Le Paraguay compte six millions d’habitants, dont près de la moitié est installée dans des zones rurales, et 12 millions de têtes de bétail : le commerce de la viande et l’agriculture sont les principaux moteurs de son économie. Le pays attire aussi l’attention en raison de sa faible charge tributaire. En effet, il n’existe pas d’impôt sur le revenu personnel ni de taxe sur l’exportation de soja, véritable « or vert » du Paraguay mais aussi l'un des éléments qui contribue au phénomène de concentration des terres : 2,6% du total des propriétaires fonciers détiennent 85,5% du territoire.

Le soja aggrave les conflits fonciers dans la zone frontalière avec le Brésil. La totalité de la frontière est aujourd’hui entre les mains de Brasiguayos, des Brésiliens qui consacrent plus d’un million d’hectares du territoire paraguayen à la production agricole. Le bas prix de la terre, le faible régime d’imposition et la main d’œuvre bon marché explique cette tenue foncière, une nouvelle menace pour le droit à la terre et au territoire de la population indigène et rurale, et tout particulièrement des femmes.

Oxfam au Paraguay

Au Paraguay, Oxfam œuvre à l’amélioration de la vie de la population paysanne et indigène, aujourd’hui touchée par la pauvreté et le changement climatique et victime d’un modèle de production agricole exclusif et de la concentration des terres. Nous cherchons à contribuer à l’organisation d’un modèle plus juste, s’appuyant sur une utilisation plus équilibrée des ressources naturelles, une répartition plus équitable de la richesse que celles-ci génèrent et où les droits des populations les plus négligées sont enfin respectés.

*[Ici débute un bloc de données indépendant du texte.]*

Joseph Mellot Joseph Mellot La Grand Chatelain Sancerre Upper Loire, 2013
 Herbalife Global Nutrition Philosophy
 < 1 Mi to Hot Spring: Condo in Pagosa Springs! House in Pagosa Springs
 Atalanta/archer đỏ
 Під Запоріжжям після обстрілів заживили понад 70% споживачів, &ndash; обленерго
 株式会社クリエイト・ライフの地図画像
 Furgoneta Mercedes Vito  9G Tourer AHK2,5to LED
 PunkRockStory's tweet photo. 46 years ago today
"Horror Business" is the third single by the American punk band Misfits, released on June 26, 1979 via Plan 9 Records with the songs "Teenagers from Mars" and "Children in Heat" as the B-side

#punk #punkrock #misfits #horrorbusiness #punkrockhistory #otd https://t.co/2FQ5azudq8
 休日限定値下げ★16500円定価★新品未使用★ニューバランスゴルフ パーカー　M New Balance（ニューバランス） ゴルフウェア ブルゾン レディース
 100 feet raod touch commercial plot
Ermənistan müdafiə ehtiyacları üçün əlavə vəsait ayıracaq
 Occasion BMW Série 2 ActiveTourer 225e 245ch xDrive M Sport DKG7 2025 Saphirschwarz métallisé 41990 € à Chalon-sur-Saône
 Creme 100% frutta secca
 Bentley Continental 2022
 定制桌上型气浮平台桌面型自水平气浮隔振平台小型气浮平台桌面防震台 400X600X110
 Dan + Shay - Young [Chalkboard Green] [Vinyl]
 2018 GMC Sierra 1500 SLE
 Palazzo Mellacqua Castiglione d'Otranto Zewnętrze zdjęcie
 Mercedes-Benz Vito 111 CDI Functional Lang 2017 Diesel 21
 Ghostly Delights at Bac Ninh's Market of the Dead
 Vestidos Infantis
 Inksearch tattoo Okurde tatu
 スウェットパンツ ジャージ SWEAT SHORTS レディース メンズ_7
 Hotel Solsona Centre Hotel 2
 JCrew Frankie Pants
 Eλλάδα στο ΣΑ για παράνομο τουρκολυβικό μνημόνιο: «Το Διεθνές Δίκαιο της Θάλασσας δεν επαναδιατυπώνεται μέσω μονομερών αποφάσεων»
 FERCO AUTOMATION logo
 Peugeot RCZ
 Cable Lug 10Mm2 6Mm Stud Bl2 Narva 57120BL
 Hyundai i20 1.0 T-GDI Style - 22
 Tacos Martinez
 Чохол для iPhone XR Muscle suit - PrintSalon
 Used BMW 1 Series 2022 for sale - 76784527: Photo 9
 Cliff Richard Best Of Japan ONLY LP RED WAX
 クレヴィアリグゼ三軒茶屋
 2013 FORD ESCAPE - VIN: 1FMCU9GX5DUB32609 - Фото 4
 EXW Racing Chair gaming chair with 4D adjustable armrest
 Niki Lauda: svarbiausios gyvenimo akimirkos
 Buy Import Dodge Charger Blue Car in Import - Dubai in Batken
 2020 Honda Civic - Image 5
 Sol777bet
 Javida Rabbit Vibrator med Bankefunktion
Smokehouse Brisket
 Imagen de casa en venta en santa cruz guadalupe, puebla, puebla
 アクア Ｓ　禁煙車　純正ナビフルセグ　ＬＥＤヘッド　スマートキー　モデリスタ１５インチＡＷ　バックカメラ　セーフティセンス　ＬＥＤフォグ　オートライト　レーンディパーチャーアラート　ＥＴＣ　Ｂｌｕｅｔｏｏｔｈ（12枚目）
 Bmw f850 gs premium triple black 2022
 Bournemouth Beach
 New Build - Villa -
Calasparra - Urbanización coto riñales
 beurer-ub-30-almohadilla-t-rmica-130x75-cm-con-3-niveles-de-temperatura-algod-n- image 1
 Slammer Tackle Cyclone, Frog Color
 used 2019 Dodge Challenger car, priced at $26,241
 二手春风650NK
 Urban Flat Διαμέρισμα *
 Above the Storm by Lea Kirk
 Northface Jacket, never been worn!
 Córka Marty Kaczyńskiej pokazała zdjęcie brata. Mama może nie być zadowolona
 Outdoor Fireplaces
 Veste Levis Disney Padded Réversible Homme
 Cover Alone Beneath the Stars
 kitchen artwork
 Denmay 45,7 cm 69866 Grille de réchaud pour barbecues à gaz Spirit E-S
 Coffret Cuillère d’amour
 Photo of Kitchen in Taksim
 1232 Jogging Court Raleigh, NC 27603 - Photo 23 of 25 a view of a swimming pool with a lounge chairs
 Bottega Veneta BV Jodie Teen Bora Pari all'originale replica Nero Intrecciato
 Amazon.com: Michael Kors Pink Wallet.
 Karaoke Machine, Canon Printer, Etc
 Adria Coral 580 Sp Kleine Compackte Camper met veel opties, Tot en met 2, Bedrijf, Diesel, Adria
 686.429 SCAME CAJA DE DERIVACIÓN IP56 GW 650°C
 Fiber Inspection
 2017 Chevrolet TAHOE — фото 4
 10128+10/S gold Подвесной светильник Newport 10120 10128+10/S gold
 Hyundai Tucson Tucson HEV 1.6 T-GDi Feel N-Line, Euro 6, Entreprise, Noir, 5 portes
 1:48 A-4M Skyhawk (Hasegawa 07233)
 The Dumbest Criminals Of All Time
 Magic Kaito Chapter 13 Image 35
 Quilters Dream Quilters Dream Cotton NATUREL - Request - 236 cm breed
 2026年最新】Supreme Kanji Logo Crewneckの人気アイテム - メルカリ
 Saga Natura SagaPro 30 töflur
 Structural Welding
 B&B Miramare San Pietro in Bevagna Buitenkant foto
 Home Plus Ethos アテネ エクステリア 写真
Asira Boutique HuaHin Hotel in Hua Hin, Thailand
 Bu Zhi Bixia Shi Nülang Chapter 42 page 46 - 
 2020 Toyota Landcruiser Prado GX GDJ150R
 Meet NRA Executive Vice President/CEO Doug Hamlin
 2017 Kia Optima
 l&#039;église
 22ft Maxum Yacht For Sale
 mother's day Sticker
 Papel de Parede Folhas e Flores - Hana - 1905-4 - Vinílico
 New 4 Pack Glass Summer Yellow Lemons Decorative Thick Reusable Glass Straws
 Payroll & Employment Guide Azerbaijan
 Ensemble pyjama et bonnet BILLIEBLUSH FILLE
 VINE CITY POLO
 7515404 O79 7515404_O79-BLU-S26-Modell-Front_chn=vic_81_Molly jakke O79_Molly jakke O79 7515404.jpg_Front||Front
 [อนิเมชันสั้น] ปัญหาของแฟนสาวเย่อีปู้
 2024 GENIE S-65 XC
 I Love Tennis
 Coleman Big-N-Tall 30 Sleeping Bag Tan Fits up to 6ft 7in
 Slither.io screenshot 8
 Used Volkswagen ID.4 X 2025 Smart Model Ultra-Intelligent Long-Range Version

Nous croyons que les conditions qui pourraient améliorer la vie de milliers de Paraguayennes et Paraguayens existent et nous travaillons avec eux pour : 

  • Renforcer les organisations agricoles, mixtes et de femmes, en encourageant leurs alliances et en améliorant leur capacité de dialogue et de proposition dans le cadre de politiques publiques qui stimulent l’agriculture familiale paysanne, le développement rural et le droit à la terre.
  • Réguler l’agro-industrie et démontrer la viabilité et l’importance de l’agriculture familiale paysanne pour l’économie du pays, afin d’atteindre des normes de sécurité alimentaire nationale, servant d’outil pour parvenir à des indicateurs de bien-être, de développement social et d’équité des genres de la population dans son ensemble et de la population rurale en particulier. 
  • Améliorer la politique fiscale, en l’associant à l’accroissement de l’investissement social de qualité, qui vise particulièrement l’agriculture familiale paysanne, sensible aux inégalités de genre et avec des actions positives en faveur des femmes agricultrices.
  • Réduire la pauvreté, les inégalités et l’insécurité alimentaire des populations indigènes, en améliorant leurs capacités de résilience et d’adaptation au changement climatique.
  • Soutenir les populations indigènes pour qu’elles puissent revendiquer leurs droits et exiger leur participation à l’élaboration, au contrôle et au suivi de politiques de sécurité alimentaire, de réduction de risques de catastrophes, de droits fonciers et d’accès à l’eau et à l’assainissement.